Lo interesante es constatar la variabilidad del grado de optimismo o pesimismo provocado. Para empezar, en promedio, la gente hace gala de cierto optimismo que el desarrollo de los acontecimientos no siempre justifica. Las personas suelen creer que son ellas las últimas que van a perder el trabajo o que sus hijos serán los últimos en no ser admitidos en la escuela elegida. En otras palabras, a lo largo de la evolución se puede percibir un sobreoptimismo que –según el parecer de muchos científicos– es lo que ha permitido a la especie humana sobrevivir.

Ese sobreoptimismo latente y continuado en promedio se ha conjugado con un pesimismo empedernido por parte de la gran mayoría enfrentada a hechos insólitos o trascendentes, como el impacto de la tecnología o la previsión del futuro inmediato. Me gusta citar la opinión generalizada en el Londres del siglo XIX de que el exceso de excrementos depositados en las calles por los numerosos caballos –que facilitaban los medios de transporte– amenazaba la supervivencia de la civilización londinense, cuyos días estaban contados por las dificultades de sanear el ambiente urbano. La mayoría, incluidos algunos científicos, subestimaba todo lo que la tecnología podía hacer para cambiar radicalmente la situación de un potencial envenenamiento colectivo.



Calle del Londres victoriano, con sus carruajes a caballo, retratada por Arthur Grimshaw (imagen: Wikimedia Commons).

La otra muestra de pesimismo empedernido es la incapacidad de la mayoría para digerir los grandes hitos en el camino del progreso social, como el aumento actual de la esperanza de vida de la especie humana: dos años y medio cada década, lo que inevitablemente implicará que, en lugar de ser el reparto de la riqueza el principal problema –esa ha sido la historia de los últimos siglos–, lo será la distribución del trabajo, con los consiguientes cambios en el comienzo y final del compromiso laboral.

Ahora estamos enfrentados a un pesimismo empedernido de esta última calaña. La crisis provocada por el sobreendeudamiento y la corrupción de países como España les parece a algunos la etapa final de la marcha incierta hacia el progreso. No es cierto. A pesar de los alaridos de muchos, a las políticas de ajuste sucederán pronto las de crecimiento; desgraciadamente, solo los profesionales de la economía parecen ser conscientes de que no se pueden impulsar por separado esas políticas. La duración de la crisis dependerá, precisamente, de la medida en que la sociedad acepte que la expansión no es posible recuperarla sin saneamiento paralelo.

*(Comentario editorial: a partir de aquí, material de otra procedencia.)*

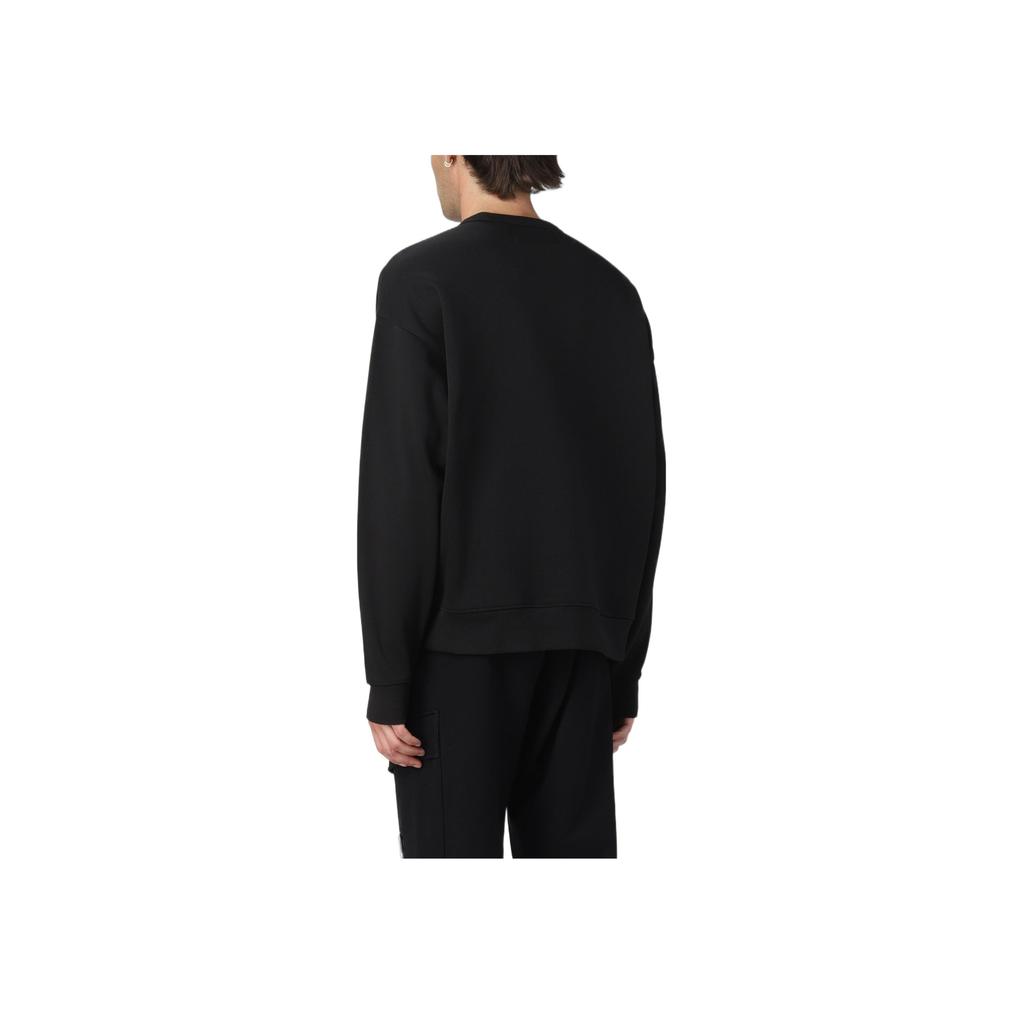 Calvin Klein FW22 Letter Logo Print Crew Neck Pullover Long Sleeve Sweatshirt Men Sweatshirt Black J30J320845-BEH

Aunque ahora parezca extraño, el segundo factor que determinará la duración de la crisis será, como siempre, nuestra predisposición a aceptar el cambio: saber conjugar la mayor capacidad de concentración con la multiplicidad de soportes digitales, la manera de gobernar, de educar, de innovar, de colaborar en lugar de competir, de recurrir a la creatividad no solo para pintar, de echar por la ventana los procedimientos que entorpecen el progreso.